● Activity: Reproduce only this stretch of the listing below: from the line with "Sneaker-46611090831 Konstantin Starke" through the line with "kkshan0923 online show", exactly as written, with pictures excluded.

● Material provided:

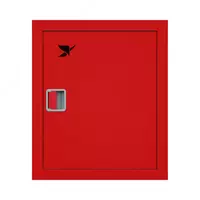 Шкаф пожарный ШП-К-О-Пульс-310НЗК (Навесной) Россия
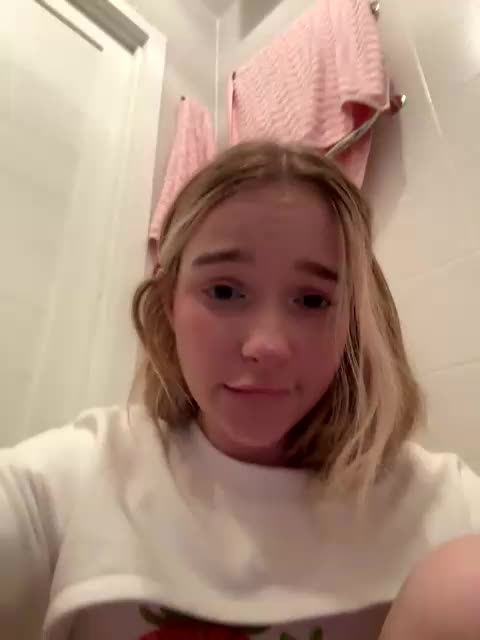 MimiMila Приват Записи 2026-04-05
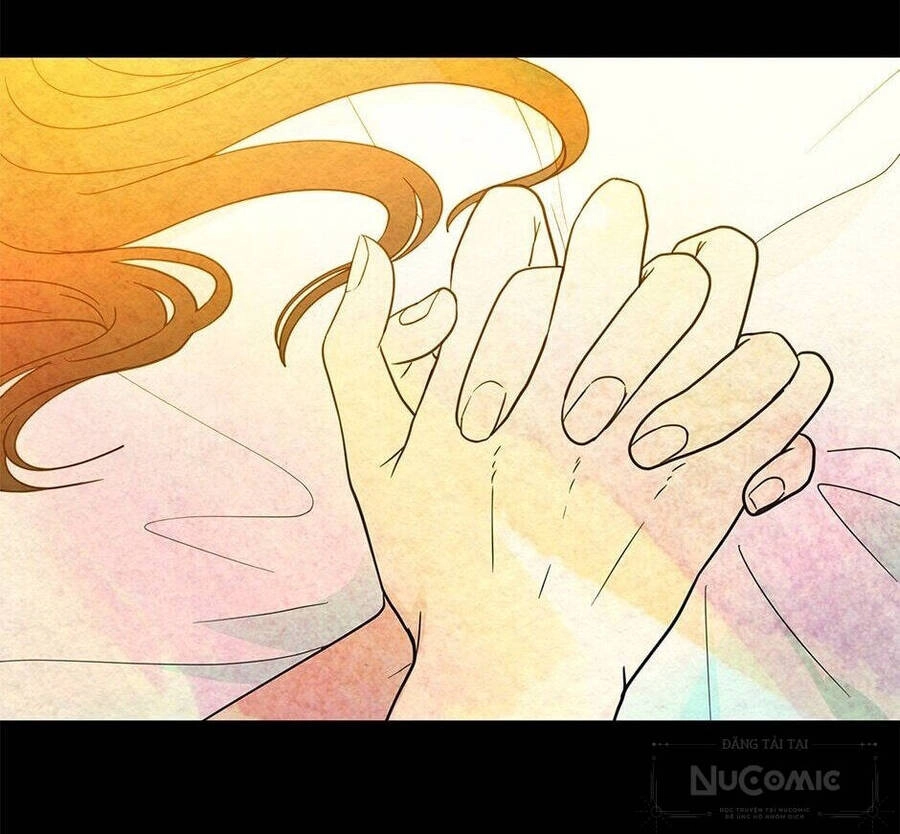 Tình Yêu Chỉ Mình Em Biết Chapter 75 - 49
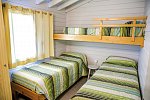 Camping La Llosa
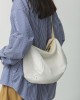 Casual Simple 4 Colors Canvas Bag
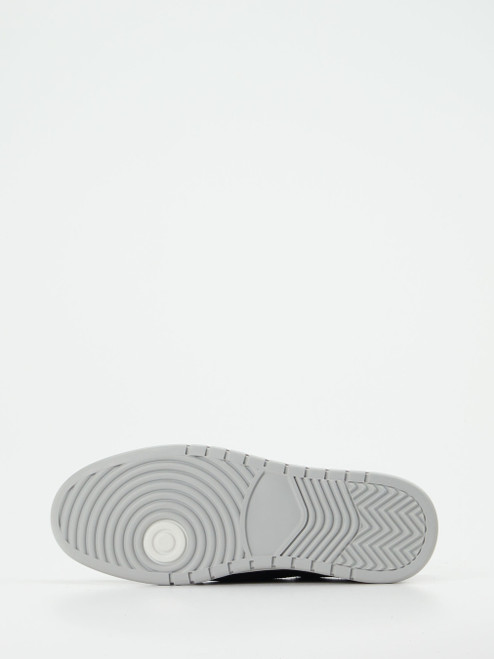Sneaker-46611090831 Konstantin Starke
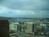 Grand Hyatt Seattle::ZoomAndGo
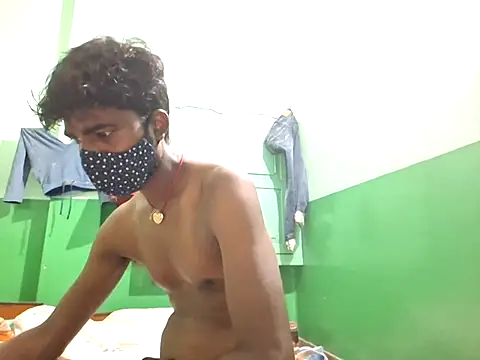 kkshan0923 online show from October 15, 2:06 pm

...

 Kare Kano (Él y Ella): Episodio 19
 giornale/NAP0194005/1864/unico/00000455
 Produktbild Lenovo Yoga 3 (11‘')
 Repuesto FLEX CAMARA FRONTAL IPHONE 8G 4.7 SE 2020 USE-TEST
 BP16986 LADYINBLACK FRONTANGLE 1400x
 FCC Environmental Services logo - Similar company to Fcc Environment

● Answer box:
Sneaker-46611090831 Konstantin Starke
 Grand Hyatt Seattle::ZoomAndGo
 kkshan0923 online show from October 15, 2:06 pm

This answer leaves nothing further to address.